[Input records — start]
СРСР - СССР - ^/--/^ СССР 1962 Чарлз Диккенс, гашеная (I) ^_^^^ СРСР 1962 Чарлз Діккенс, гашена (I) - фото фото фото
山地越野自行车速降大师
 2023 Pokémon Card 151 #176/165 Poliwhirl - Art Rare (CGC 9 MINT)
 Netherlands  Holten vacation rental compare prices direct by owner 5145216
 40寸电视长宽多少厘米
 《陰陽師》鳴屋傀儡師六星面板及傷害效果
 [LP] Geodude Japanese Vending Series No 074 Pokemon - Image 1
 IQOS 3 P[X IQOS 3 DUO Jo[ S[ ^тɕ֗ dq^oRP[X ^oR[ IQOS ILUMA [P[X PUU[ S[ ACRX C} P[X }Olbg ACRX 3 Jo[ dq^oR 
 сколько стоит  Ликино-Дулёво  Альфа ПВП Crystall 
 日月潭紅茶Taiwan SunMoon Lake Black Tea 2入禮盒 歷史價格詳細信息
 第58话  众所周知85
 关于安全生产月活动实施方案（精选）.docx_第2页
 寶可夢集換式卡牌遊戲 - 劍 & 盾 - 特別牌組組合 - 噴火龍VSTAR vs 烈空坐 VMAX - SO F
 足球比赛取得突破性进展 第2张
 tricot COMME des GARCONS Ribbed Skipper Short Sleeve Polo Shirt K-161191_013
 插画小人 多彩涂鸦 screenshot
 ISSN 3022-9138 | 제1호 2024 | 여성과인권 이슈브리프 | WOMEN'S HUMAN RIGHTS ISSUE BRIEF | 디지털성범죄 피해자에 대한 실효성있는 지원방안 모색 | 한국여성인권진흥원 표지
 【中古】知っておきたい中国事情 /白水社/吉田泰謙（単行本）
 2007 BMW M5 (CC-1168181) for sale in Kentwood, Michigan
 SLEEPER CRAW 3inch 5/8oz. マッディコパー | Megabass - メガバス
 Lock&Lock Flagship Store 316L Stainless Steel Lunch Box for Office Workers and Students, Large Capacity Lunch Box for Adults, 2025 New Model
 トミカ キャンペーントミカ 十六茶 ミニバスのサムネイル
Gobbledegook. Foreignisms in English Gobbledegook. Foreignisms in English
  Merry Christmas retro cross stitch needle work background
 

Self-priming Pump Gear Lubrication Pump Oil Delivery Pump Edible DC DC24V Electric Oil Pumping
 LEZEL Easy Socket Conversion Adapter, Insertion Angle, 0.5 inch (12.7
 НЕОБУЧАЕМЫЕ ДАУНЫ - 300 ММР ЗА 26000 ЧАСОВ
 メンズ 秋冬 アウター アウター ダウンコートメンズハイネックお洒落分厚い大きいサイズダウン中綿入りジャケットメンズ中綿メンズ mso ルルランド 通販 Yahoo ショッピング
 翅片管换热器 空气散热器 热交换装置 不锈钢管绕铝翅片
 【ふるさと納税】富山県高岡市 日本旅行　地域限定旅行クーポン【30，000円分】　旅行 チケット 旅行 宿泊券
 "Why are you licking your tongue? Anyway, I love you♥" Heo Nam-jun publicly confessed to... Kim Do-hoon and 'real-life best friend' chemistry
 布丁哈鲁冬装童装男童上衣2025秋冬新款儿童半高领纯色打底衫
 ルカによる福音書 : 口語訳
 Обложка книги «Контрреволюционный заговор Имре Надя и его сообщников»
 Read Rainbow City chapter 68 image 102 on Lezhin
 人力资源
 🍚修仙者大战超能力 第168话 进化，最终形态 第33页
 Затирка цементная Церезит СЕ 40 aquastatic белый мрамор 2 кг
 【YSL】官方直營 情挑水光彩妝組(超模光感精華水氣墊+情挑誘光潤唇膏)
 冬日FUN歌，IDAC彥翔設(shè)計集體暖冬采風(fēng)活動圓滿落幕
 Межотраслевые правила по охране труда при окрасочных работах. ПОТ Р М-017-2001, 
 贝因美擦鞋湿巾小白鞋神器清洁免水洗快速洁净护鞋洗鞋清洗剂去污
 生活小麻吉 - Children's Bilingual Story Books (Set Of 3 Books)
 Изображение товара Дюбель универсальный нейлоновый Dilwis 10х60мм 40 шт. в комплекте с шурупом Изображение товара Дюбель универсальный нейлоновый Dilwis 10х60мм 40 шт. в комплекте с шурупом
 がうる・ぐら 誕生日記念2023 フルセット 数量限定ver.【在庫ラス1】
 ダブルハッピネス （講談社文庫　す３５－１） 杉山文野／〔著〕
[Input records — finish]
→ **Your instructions**
The full listing, retyped exactly, is the expected answer.

→ **Task solution**
СРСР - СССР - ^/--/^ СССР 1962 Чарлз Диккенс, гашеная (I) ^_^^^ СРСР 1962 Чарлз Діккенс, гашена (I) - фото фото фото
山地越野自行车速降大师
 2023 Pokémon Card 151 #176/165 Poliwhirl - Art Rare (CGC 9 MINT)
 Netherlands  Holten vacation rental compare prices direct by owner 5145216
 40寸电视长宽多少厘米
 《陰陽師》鳴屋傀儡師六星面板及傷害效果
 [LP] Geodude Japanese Vending Series No 074 Pokemon - Image 1
 IQOS 3 P[X IQOS 3 DUO Jo[ S[ ^тɕ֗ dq^oRP[X ^oR[ IQOS ILUMA [P[X PUU[ S[ ACRX C} P[X }Olbg ACRX 3 Jo[ dq^oR 
 сколько стоит  Ликино-Дулёво  Альфа ПВП Crystall 
 日月潭紅茶Taiwan SunMoon Lake Black Tea 2入禮盒 歷史價格詳細信息
 第58话  众所周知85
 关于安全生产月活动实施方案（精选）.docx_第2页
 寶可夢集換式卡牌遊戲 - 劍 & 盾 - 特別牌組組合 - 噴火龍VSTAR vs 烈空坐 VMAX - SO F
 足球比赛取得突破性进展 第2张
 tricot COMME des GARCONS Ribbed Skipper Short Sleeve Polo Shirt K-161191_013
 插画小人 多彩涂鸦 screenshot
 ISSN 3022-9138 | 제1호 2024 | 여성과인권 이슈브리프 | WOMEN'S HUMAN RIGHTS ISSUE BRIEF | 디지털성범죄 피해자에 대한 실효성있는 지원방안 모색 | 한국여성인권진흥원 표지
 【中古】知っておきたい中国事情 /白水社/吉田泰謙（単行本）
 2007 BMW M5 (CC-1168181) for sale in Kentwood, Michigan
 SLEEPER CRAW 3inch 5/8oz. マッディコパー | Megabass - メガバス
 Lock&Lock Flagship Store 316L Stainless Steel Lunch Box for Office Workers and Students, Large Capacity Lunch Box for Adults, 2025 New Model
 トミカ キャンペーントミカ 十六茶 ミニバスのサムネイル
Gobbledegook. Foreignisms in English Gobbledegook. Foreignisms in English
  Merry Christmas retro cross stitch needle work background
 

Self-priming Pump Gear Lubrication Pump Oil Delivery Pump Edible DC DC24V Electric Oil Pumping
 LEZEL Easy Socket Conversion Adapter, Insertion Angle, 0.5 inch (12.7
 НЕОБУЧАЕМЫЕ ДАУНЫ - 300 ММР ЗА 26000 ЧАСОВ
 メンズ 秋冬 アウター アウター ダウンコートメンズハイネックお洒落分厚い大きいサイズダウン中綿入りジャケットメンズ中綿メンズ mso ルルランド 通販 Yahoo ショッピング
 翅片管换热器 空气散热器 热交换装置 不锈钢管绕铝翅片
 【ふるさと納税】富山県高岡市 日本旅行　地域限定旅行クーポン【30，000円分】　旅行 チケット 旅行 宿泊券
 "Why are you licking your tongue? Anyway, I love you♥" Heo Nam-jun publicly confessed to... Kim Do-hoon and 'real-life best friend' chemistry
 布丁哈鲁冬装童装男童上衣2025秋冬新款儿童半高领纯色打底衫
 ルカによる福音書 : 口語訳
 Обложка книги «Контрреволюционный заговор Имре Надя и его сообщников»
 Read Rainbow City chapter 68 image 102 on Lezhin
 人力资源
 🍚修仙者大战超能力 第168话 进化，最终形态 第33页
 Затирка цементная Церезит СЕ 40 aquastatic белый мрамор 2 кг
 【YSL】官方直營 情挑水光彩妝組(超模光感精華水氣墊+情挑誘光潤唇膏)
 冬日FUN歌，IDAC彥翔設(shè)計集體暖冬采風(fēng)活動圓滿落幕
 Межотраслевые правила по охране труда при окрасочных работах. ПОТ Р М-017-2001, 
 贝因美擦鞋湿巾小白鞋神器清洁免水洗快速洁净护鞋洗鞋清洗剂去污
 生活小麻吉 - Children's Bilingual Story Books (Set Of 3 Books)
 Изображение товара Дюбель универсальный нейлоновый Dilwis 10х60мм 40 шт. в комплекте с шурупом Изображение товара Дюбель универсальный нейлоновый Dilwis 10х60мм 40 шт. в комплекте с шурупом
 がうる・ぐら 誕生日記念2023 フルセット 数量限定ver.【在庫ラス1】
 ダブルハッピネス （講談社文庫　す３５－１） 杉山文野／〔著〕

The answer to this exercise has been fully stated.